Usage example: g "ab(c(((d)ef()g)h()(i)j)kl)()" -> ["ab","ckl","hj","efg","i","d"].

I'm going backward through the input string. The intermediate data structure is a list of list of strings. The outer list is per level and the inner list is per group within a level, e.g. [["ab"],["ckl"],["hj"],["efg","i"],["d"]] (note: the real list has a lot of empty strings in-between). It all starts with a number of empty strings equal to the length of the input - more than enough, but empty lists are filtered out anyway. The outer lists either rotates on (/) or adds the character to the front element. ) also starts a new group.

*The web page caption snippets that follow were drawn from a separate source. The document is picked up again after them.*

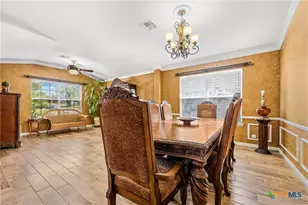 419 Cattail Cir, Harker Heights, TX 76548 - Photo 17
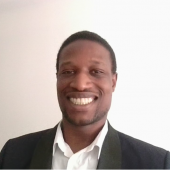 Franck PREIRA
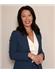 Julie Bernier photo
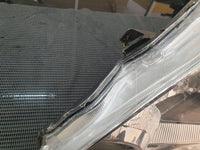 Toyota Starlet Suzuki Baleno Left Headlight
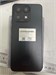 HONOR X8A 6/128 ГБ 890000595278 - фото 902582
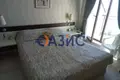Квартира 3 спальни 192 м² Святой Влас, Болгария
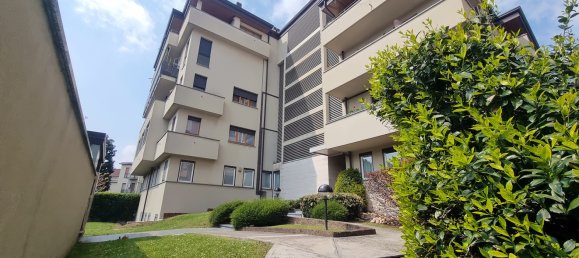 Studio in Brugherio, Italy No. 159060 15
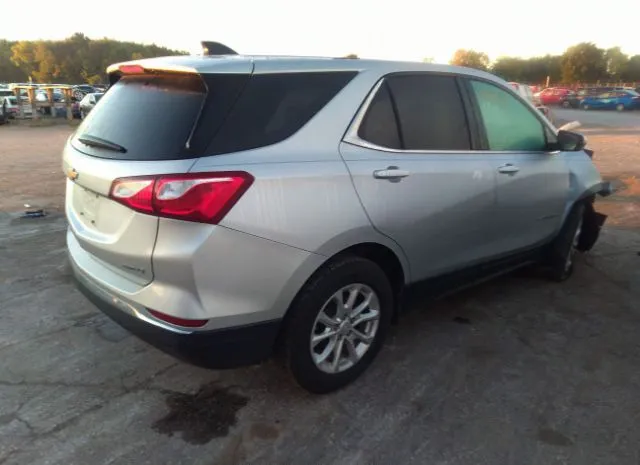 Photo 3 VIN: 3GNAXSEV0JL342818 - CHEVROLET EQUINOX 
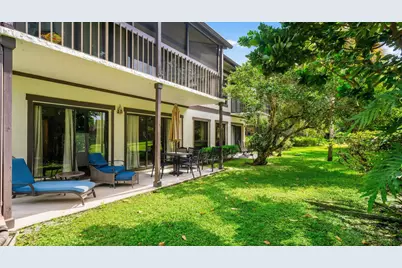 13334 Polo Club Road #240, Wellington, FL 33414 - Photo 7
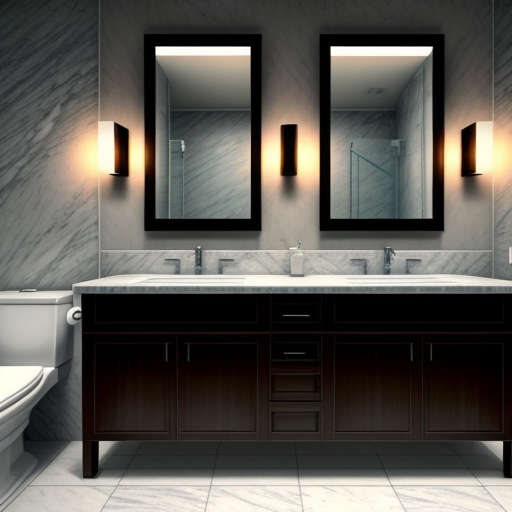 The Impact of Exemplary Design on Upscale Real Estate image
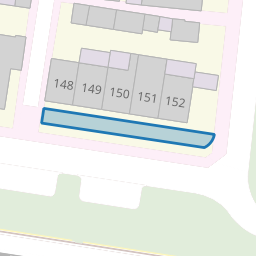 Perceel DNE00-L-3267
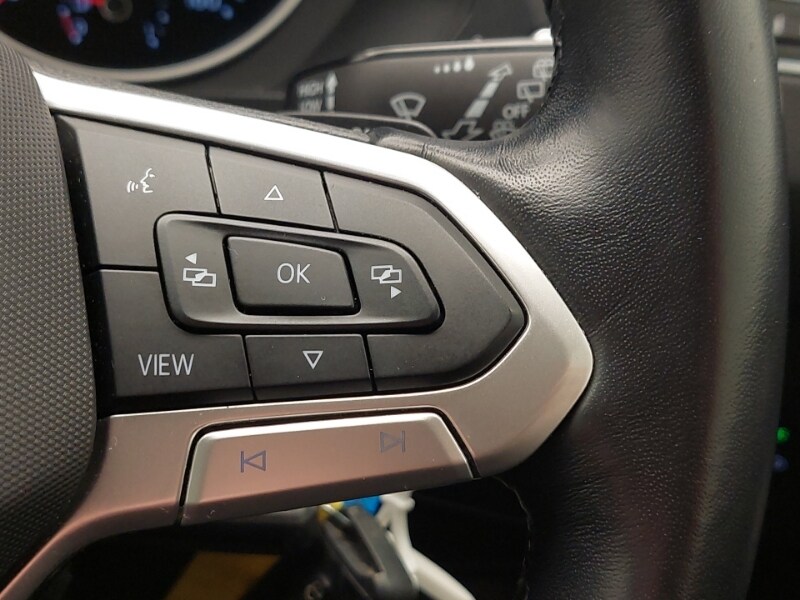 Used Volkswagen Tiguan 2022 for sale - 77816330: Photo 19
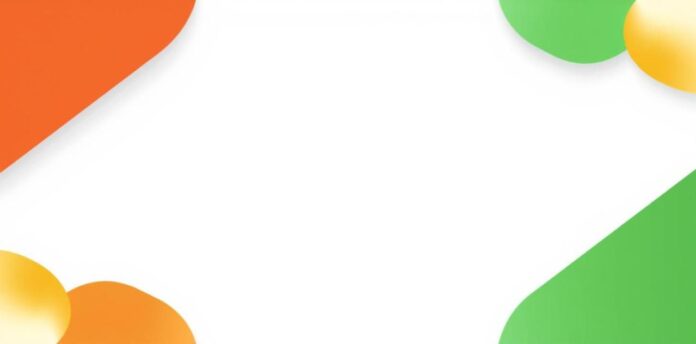 Mesa de baccarat en vivo optimizada para jugadores mexicanos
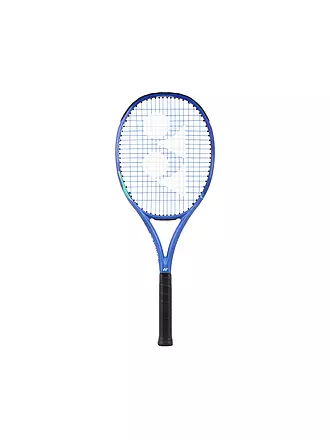 YONEX | Raqueta de tenis Ezone ACE Encordada |
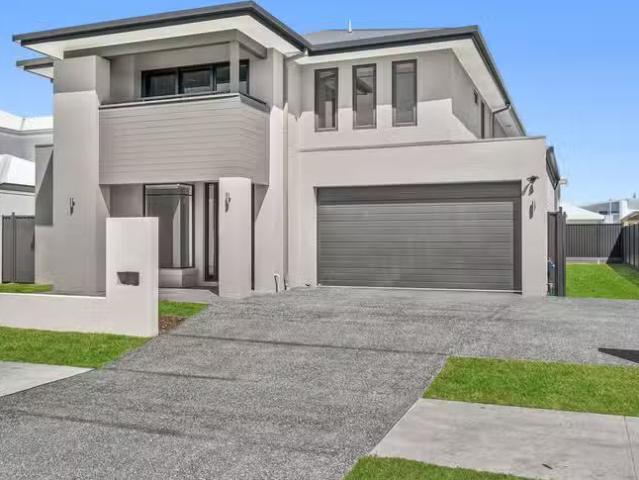 For Rent! 4 BR 35 Ascot Circuit, PALMVIEW, QLD 4553 House fo.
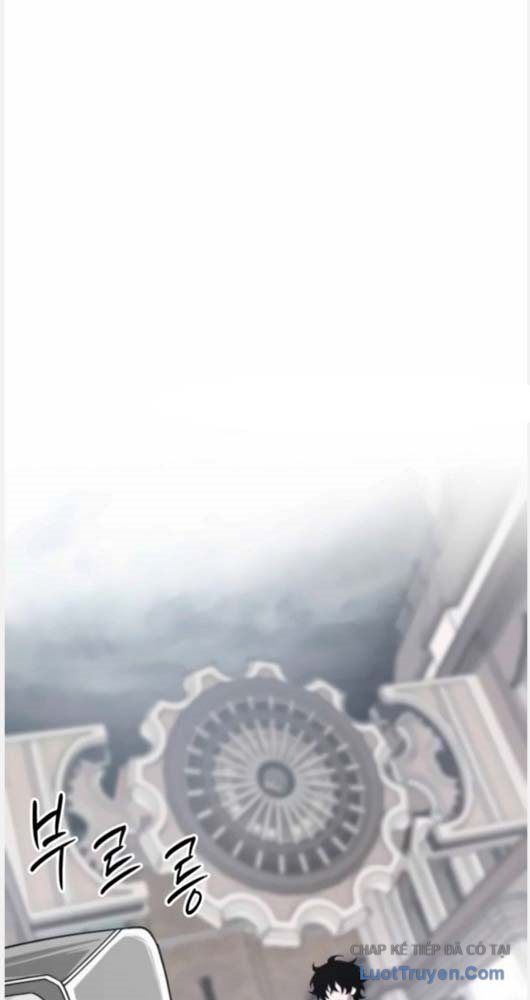 Phối Sắc Giả Chap 17 - Next Chap 18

Edit: @Zgarb has found a byte to save.

Sed, 90 bytes

:
s/^(\w*)\((.*)\n?(.*)/\1\n\3_\2/M
s/(\n\w*_)(\w*)\)(.*)/\3\1\2/M
t
s/[_\n]+/,/g
s/,$//

Uses extended regexes (-r flag), accounted for by +1 byte. Also, this uses a GNU Extension (the M flag on the s command).

Sample Usage:

$ echo 'ab(c(((d)ef()g)h()(i)j)kl)()' | sed -r -f deparenthesize.sed
ab,ckl,hj,efg,i,d

Explanation: Since sed does not support stuff like recursive regexes, manual work is required. The expression is split up into multiple lines, each representing a level of nesting depth. The individual expressions on the same depth (and hence on the same line) are separated by an _. The script works through the input string one bracket at a time. The remaining input is always kept on the end of the line that corresponds to the current nesting level.